$500,000 donated to support students

Two members of the La Follette School’s Board of Visitors took advantage of a one-to-one matching gift from Ab and Nancy Nicholas to boost funding for students pursuing master’s degrees in public affairs at UW-Madison. Curt and Sue Culver pledged $200,000 – the largest single gift in La Follette School history – and Katharine Lyall donated $50,000.

The Nicholas Match doubled the gifts for a total of $500,000 in much-needed student support. Both UW-Madison alumni, the Nicholases in 2015 committed $50 million to inspire other donors to create scholarships and fellowships for UW-Madison students.

“Prospective students frequently tell us that financial aid weighs heavily in their decision for where they pursue further education,” said La Follette School Director Susan Yackee. “These generous gifts will allow us to bring highly accomplished graduate students to La Follette.”

The Curt & Sue Culver Graduate Fellowship Fund in Public Service will provide financial assistance to some of the La Follette School’s top students. The Culvers are generous donors to UW-Madison’s Athletic Department and School of Business, but the La Follette School is new territory to them.

“I have been very close to the university for a long time, but I had never heard of the La Follette School,” said Curt Culver, who received bachelor’s and master’s degrees from the School of Business, where he also was a lecturer for more than 20 years.

Culver learned of the La Follette School through Sheldon and David Lubar, fellow Milwaukee-area philanthropists. Yackee was looking for people to join the La Follette School’s Board of Visitors, and Sheldon Lubar suggested Culver.

In October 2013, Culver had breakfast with Yackee and other La Follette School faculty members and was impressed with the research they were doing. He participated in his first Board of Visitors meeting two years later and shortly thereafter pledged $200,000 to the School.

“I love the nonpartisan nature of what the La Follette School does – ‘here are the facts, and here are the results’ – without taking a political slant on things,” he said. “I think that’s very healthy, and it’s the only way we can solve this country’s problems.”

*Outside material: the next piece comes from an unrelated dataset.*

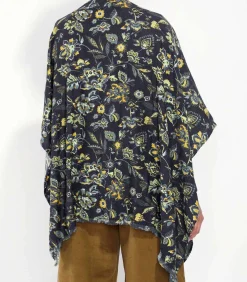 La Fiancée Bedrukte poncho MILO black Sale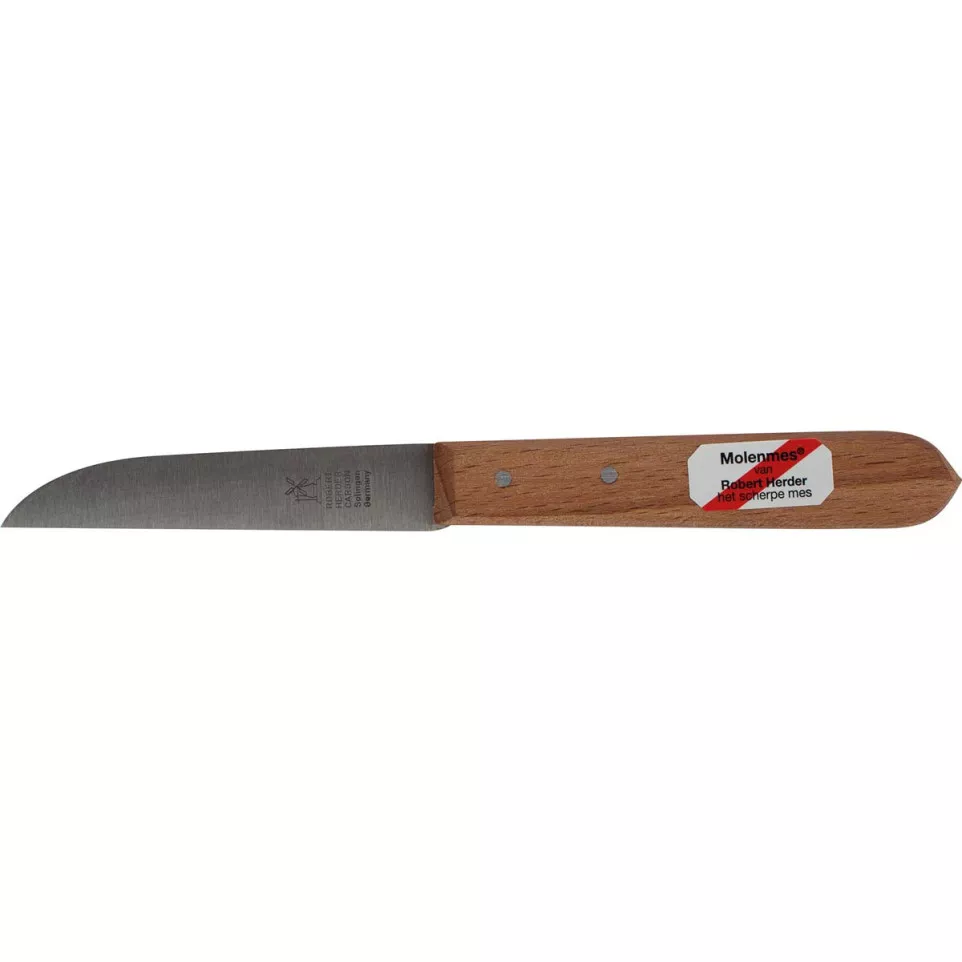 Herder molenmes, carbon/hout, 8,5 cm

Culver’s UW-Madison education clearly has served him well. His impressive resume includes 15 years as chief executive officer of the country’s largest private mortgage insurer. Culver’s first job, at the age of 10, was working at his parents’ restaurant in Sauk City. Unlike his older brother, Craig, he left the restaurant business after college.

Like his brother, though, Curt Culver became a successful business person and dedicated community member. Culver gives much of the credit to the late Jim Graskamp, after whom the UW’s Center for Real Estate is now named. Graskamp helped Culver secure scholarships and complete his bachelor’s and master’s degrees with minimal student debt, Culver recalled.
“At the time, I thought ‘this is so generous that people provide these scholarships and you don’t know them at all’, Culver recalled. “I said ‘hopefully someday I can do that’.”

Forty years later, he and his wife, Sue, can do that. So they did.

Lyall, meanwhile, saw the Nicholas Match as the right time to contribute to the Doris J. Hanson Fund for student scholarships. Hanson, who died in November 2006, was a longtime leader in Wisconsin government. She dedicated her professional life to public service, serving four Wisconsin governors and as the first woman to head the state Department of Administration.

A former La Follette School economics professor, Lyall served as president of the UW System from 1992 to 2004. During her 12-year presidency, the university system forged new partnerships with the state’s technical colleges and K-12 community, helped revitalize the university’s 13 two-year campuses, and instituted many technological innovations, including online courses and degrees.

Before joining the UW-Madison faculty as an economics professor in 1982, Lyall served in the Carter Administration as deputy assistant secretary for policy development and research at the U.S. Department of Housing and Urban Development.

These two significant donations prompted a discussion at the April Board of Visitors meeting about the importance of philanthropy and student aid for meeting the La Follette School’s vision for research, teaching, and public service. “Our Board of Visitors is essential to the School’s success,” Yackee said. “We are extremely grateful to all of our Board members for their help guiding and assisting the School.”